Problem statement >> Write out the data exactly, please, and omit the pictures.

Given data >>
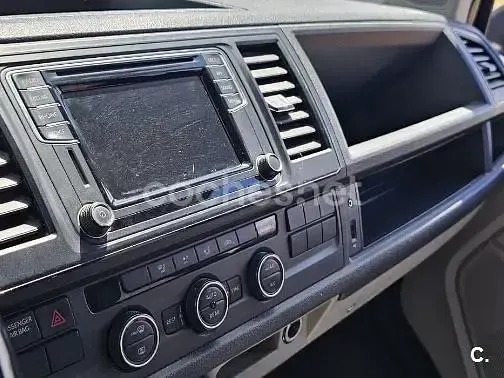 Usado VW Caravelle 150 CV (110 kW) 2018 Negro Van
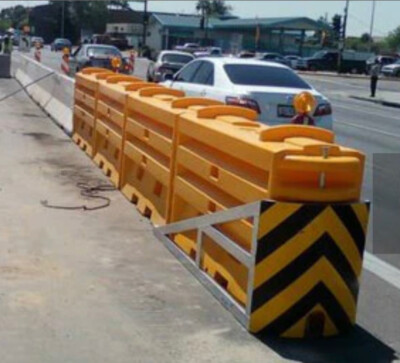 N Scale Traffic Crash Barrier Sled and Construction Jersey Barriers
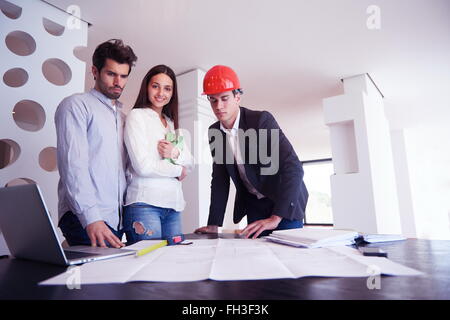 paar neue Haus mit Immobilienmakler kaufen Stockfoto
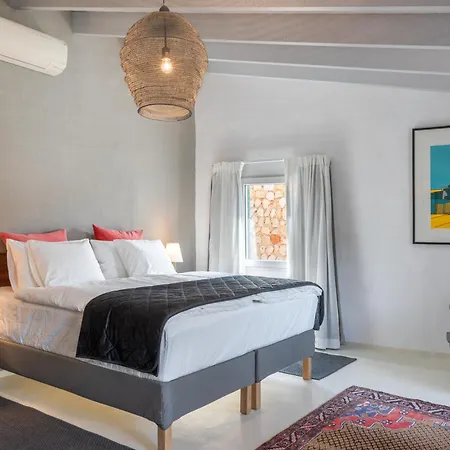 Hotel Can Karlito *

Solution >>
 Usado VW Caravelle 150 CV (110 kW) 2018 Negro Van
 N Scale Traffic Crash Barrier Sled and Construction Jersey Barriers
 paar neue Haus mit Immobilienmakler kaufen Stockfoto
 Hotel Can Karlito *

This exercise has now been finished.